Malicious Injection — It's Not Just For SQL Anymore
nywanna writes "When most people think of malicious injection, they think of SQL injection. The fact is, if you are using XML documents or an LDAP directory, you are just as vulnerable to a malicious injection as you would be using SQL. Bryan Sullivan looks at the different types of malicious code injections and examines the very basics of preventing these injections."
When most people think of malicious injection, they think of SQL injection.
Come on now, considering your audience, you might want to re-think that statement.
Push Button, Receive Bacon
Shell scripts have been vulnerable to similar "injection" exploits since the invention of CGI.
From TFA:
Seems simple enough, but it's amazing how often this is ignored or implemented badly.
I hear there's rumors on the Slashdots
...is to replace database storage, xml, and ldap with comma-delimited text files on anonymous ftp. In fact, my last job fired me for gross incompetence because the other programmers were jealous of the simplicity of my solution.

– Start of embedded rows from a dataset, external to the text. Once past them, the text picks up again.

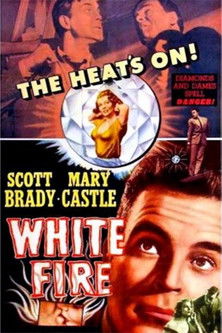 White Fire (1953) Poster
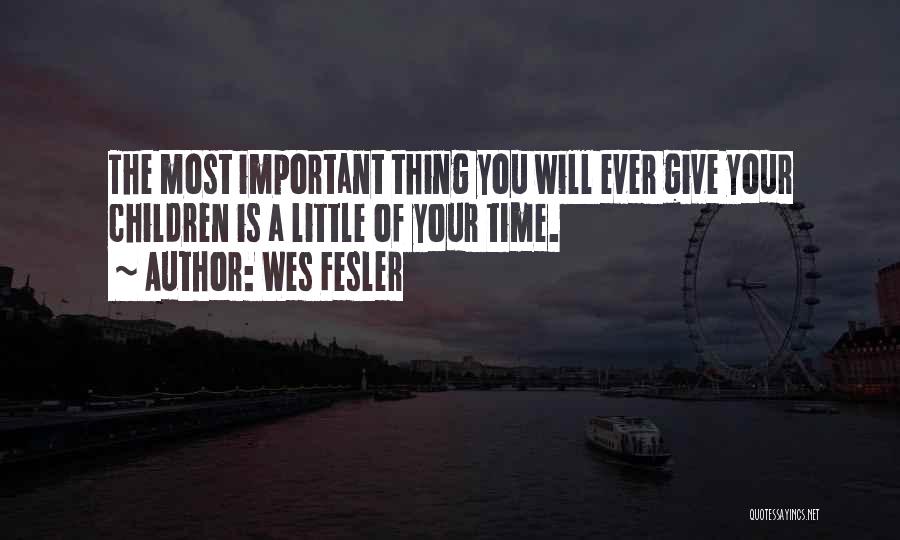 Wes Fesler Quotes: The Most Important Thing You Will Ever Give Your Children Is A Little Of Your Time.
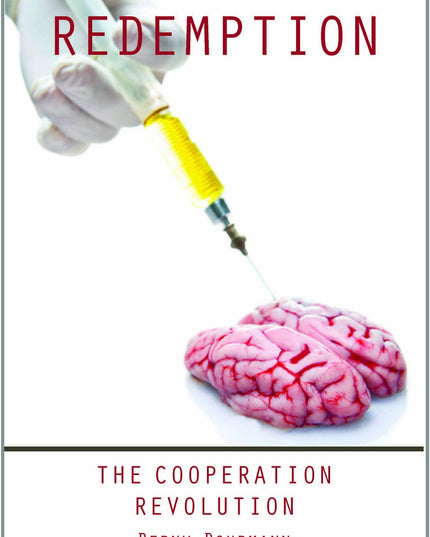 Redemption: The Cooperation Revolution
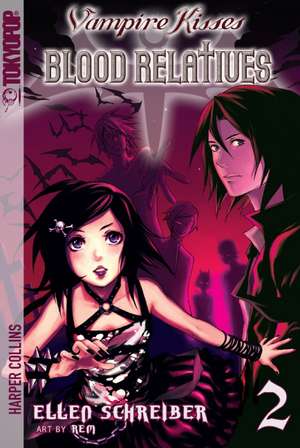 Vampire Kisses: Blood Relatives, Volume II de Ellen Schreiber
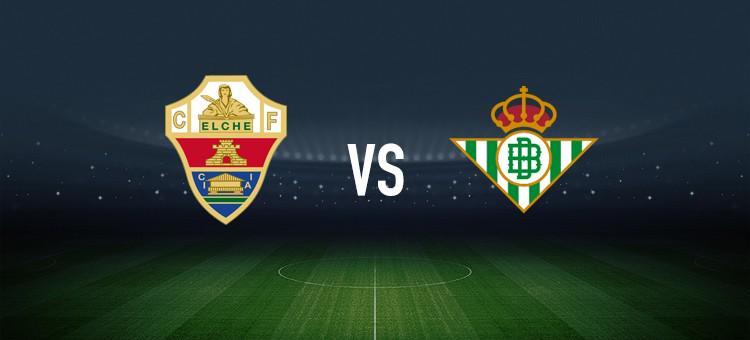 埃尔切vs皇家贝蒂斯：阿尔瓦罗-罗德里格斯、巴莱拉首发，贝莱林、洛塞尔索出战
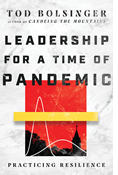 Leadership for a Time of Pandemic: Practicing Resilience, By Tod Bolsinger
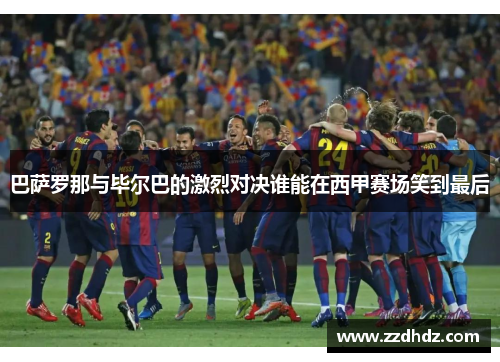 巴萨罗那与毕尔巴的激烈对决谁能在西甲赛场笑到最后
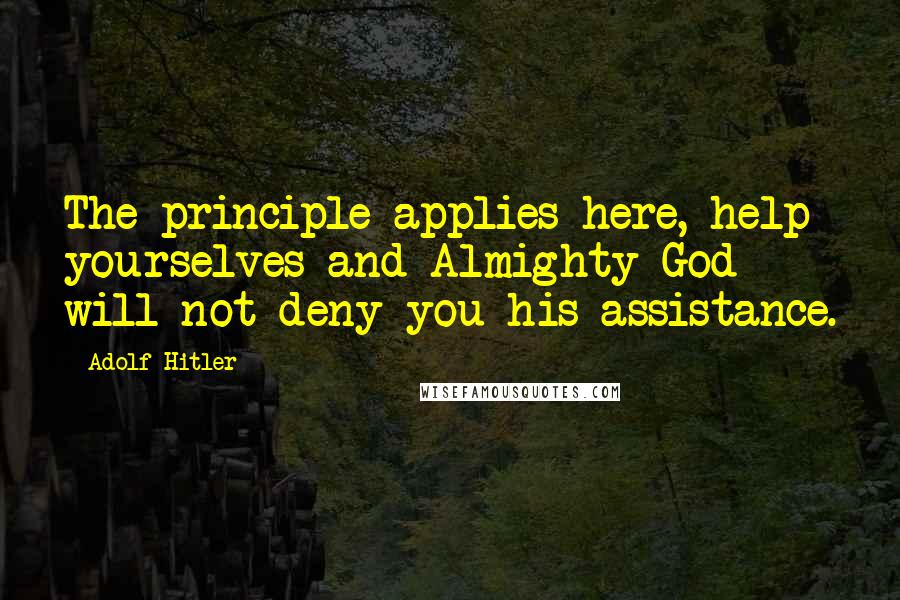 Adolf Hitler Quotes: The principle applies here, help yourselves and Almighty God will not deny you his assistance.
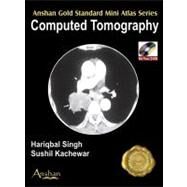 Computed Tomography (Book with Mini CD-ROM) by Singh, Hariqbal, M.D., 9781905740123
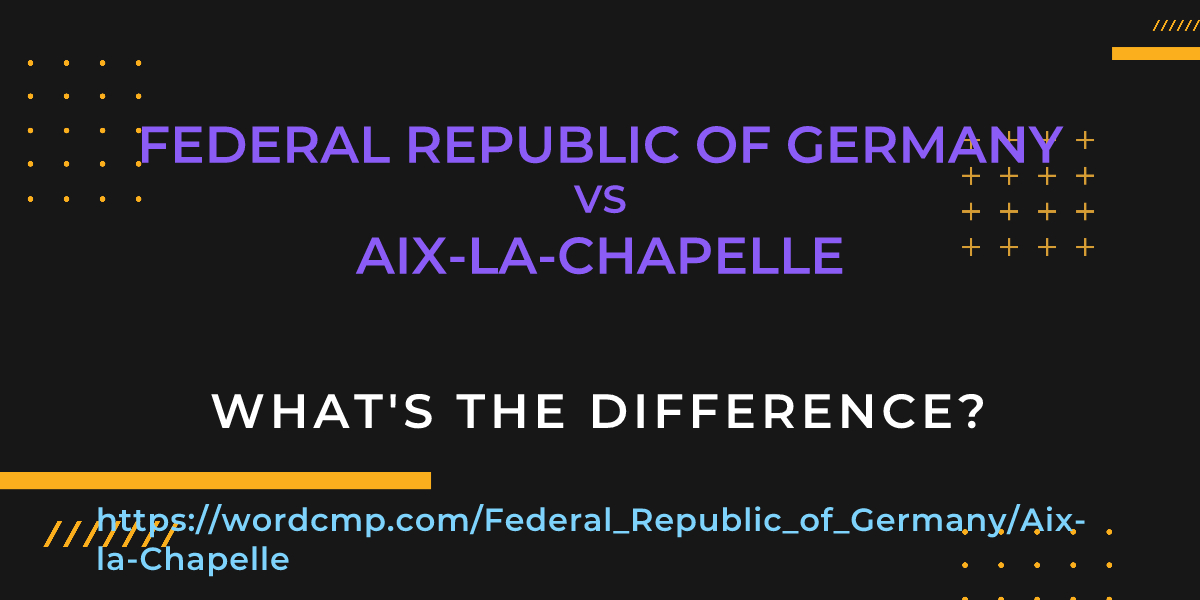 Difference between Federal Republic of Germany and Aix-la-Chapelle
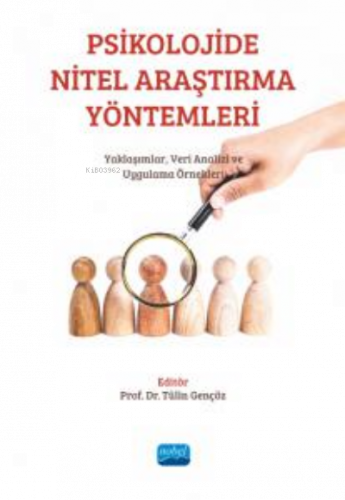 Psikolojide Nitel Araştırma Yöntemleri:;Yaklaşımlar, Veri Analizi Ve Uygulama Örnekleri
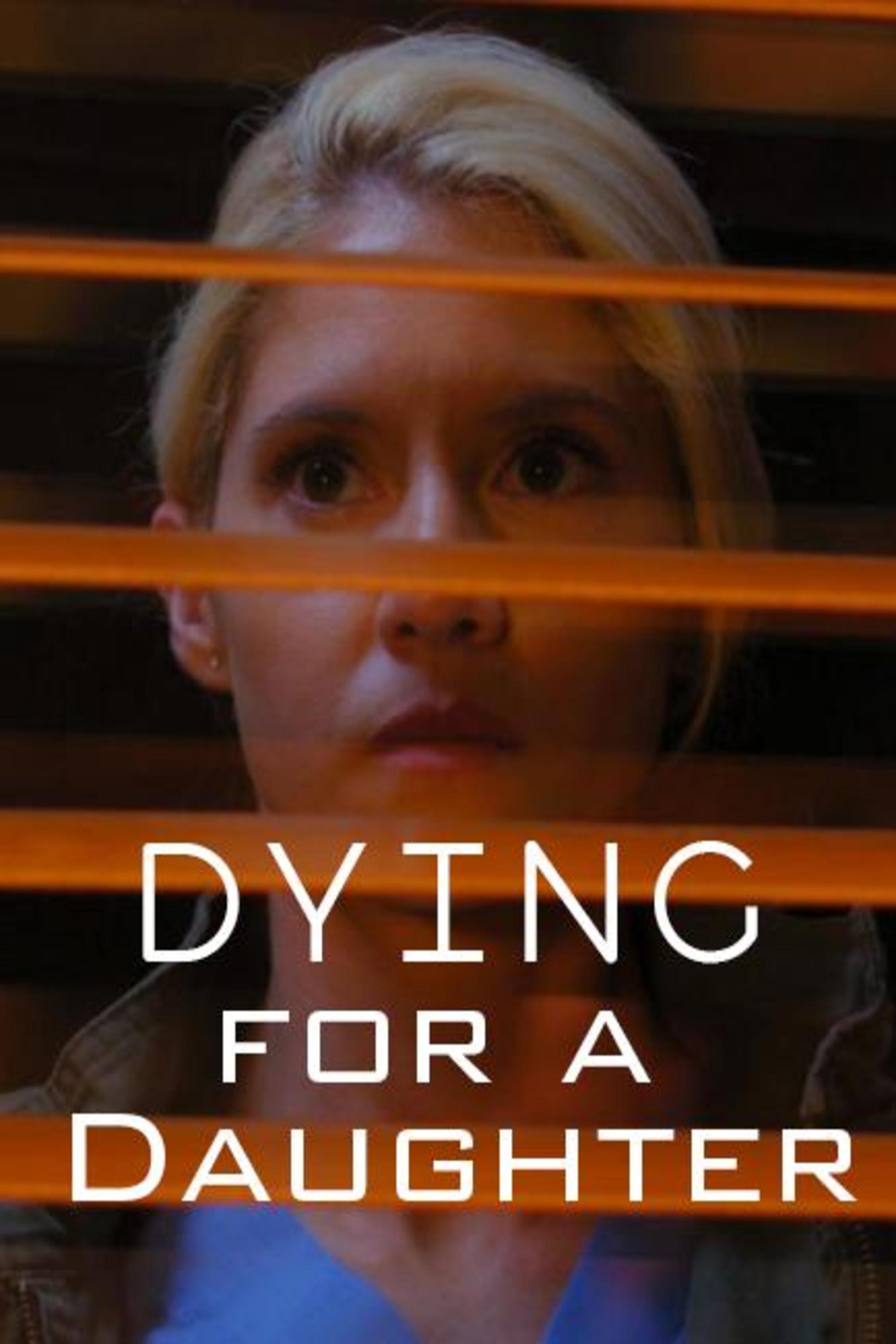 Dying for a Daughter photo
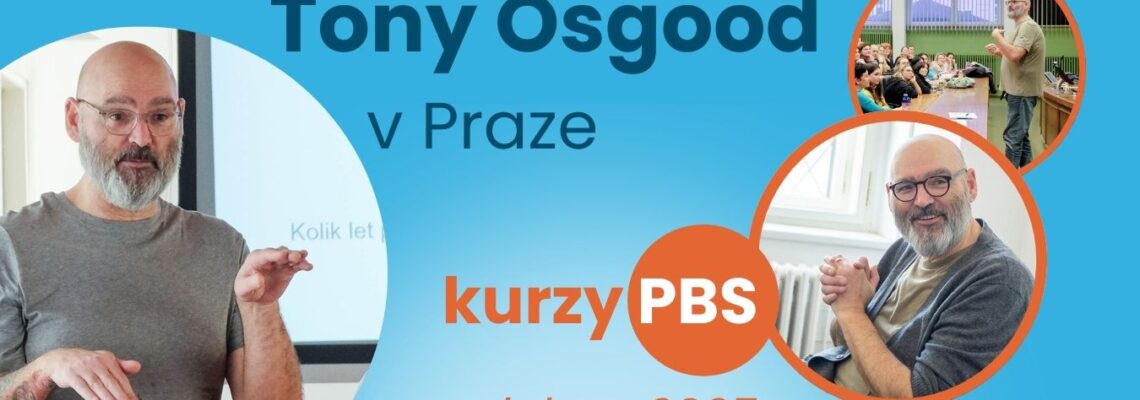 PBS kurzy s Tony Osgoodem opět v Praze – duben 2025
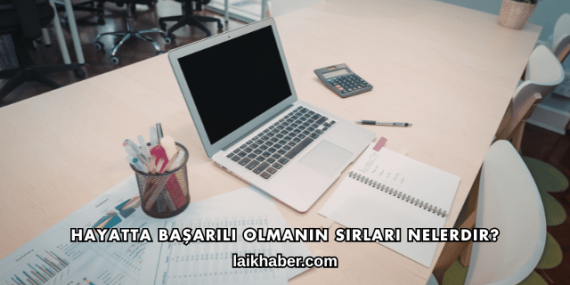 Hayatta Başarılı Olmanın Sırları Nelerdir?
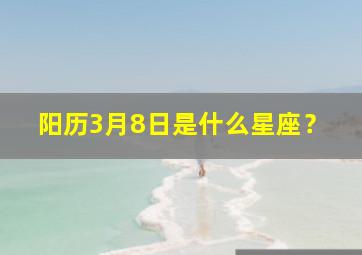 阳历3月8日是什么星座？,阳历3月8日是什么星座女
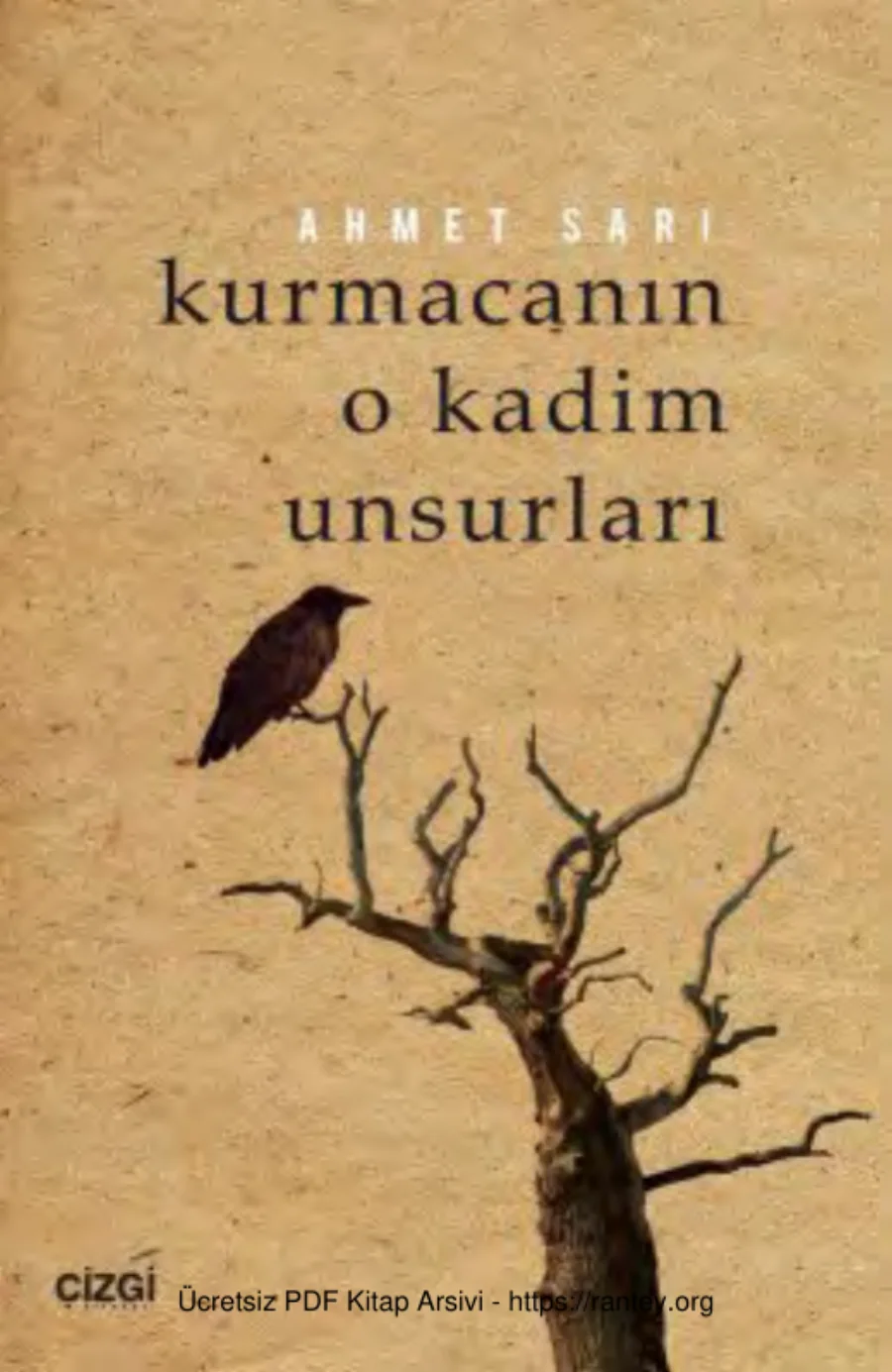 Kurmacanın O Kadim Unsurları Kurmaca Yazıları kapak görseli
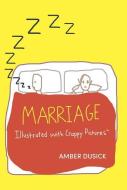 Marriage Illustrated with Crappy Pictures di Amber Dusick edito da HARLEQUIN SALES CORP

"including LDAP injection and XPath injection. While these may not be as well-known to developers, they are already in the hands of hackers, and they should be of concern."
How come they are not well known to developers. Last time I checked if I dont use ldap somewhere along my lines
of codes I'm not in trouble of a ldap injection. Know your systems and check yours inputs! god damn!
Overuse of the Pumping Lemma causes blindness
In his XML example with XPath injection he states that running a certain query can return the entire order history of all customers. That may be true, but if the application is returning an XML document containing the entire order history of all customers for each customer request before running an XPath query, then I think the application has more problems than being vulnerable to XPath injection.
Bob
Listen to my latest album here
RE: validating input fields...
I can't help but feel that most developers have at least a little common sense and do something along those lines anyway.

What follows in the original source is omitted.